» **Assigned task**:
What's needed is the listing below, repeated word for word with no pictures.

» **Information shown**:
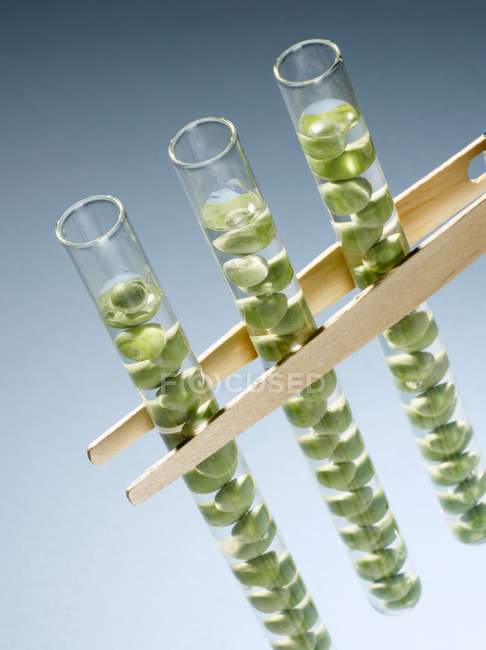 Peas in testing tubes — Stock Photo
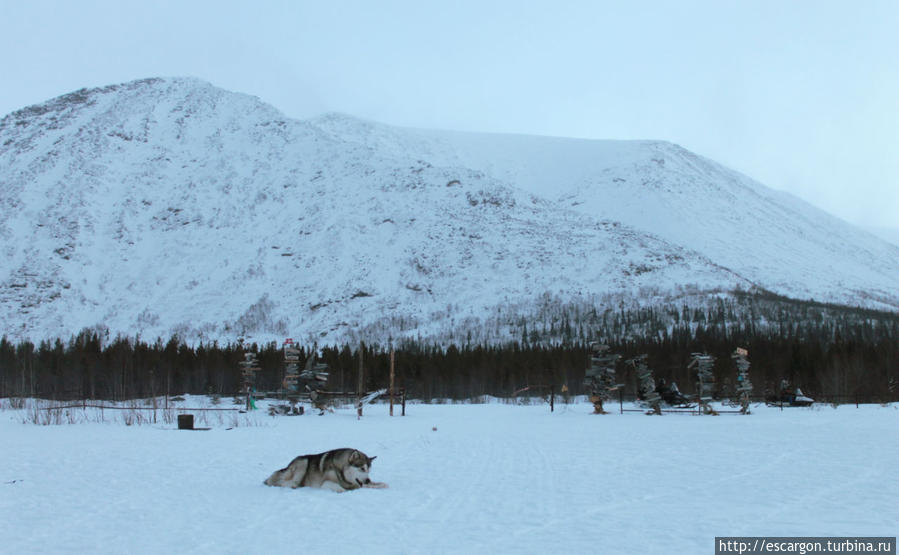 Милый глупый Чупакабра Мурманская область, Россия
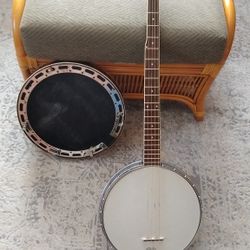 Abandoned Banjo Project 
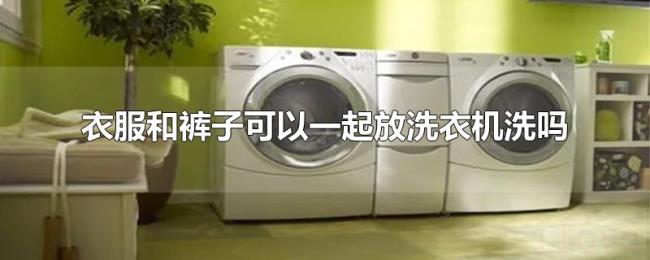 衣服和裤子可以一起放洗衣机洗吗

» **Task solution**:
 Peas in testing tubes — Stock Photo
 Милый глупый Чупакабра Мурманская область, Россия
 Abandoned Banjo Project 
 衣服和裤子可以一起放洗衣机洗吗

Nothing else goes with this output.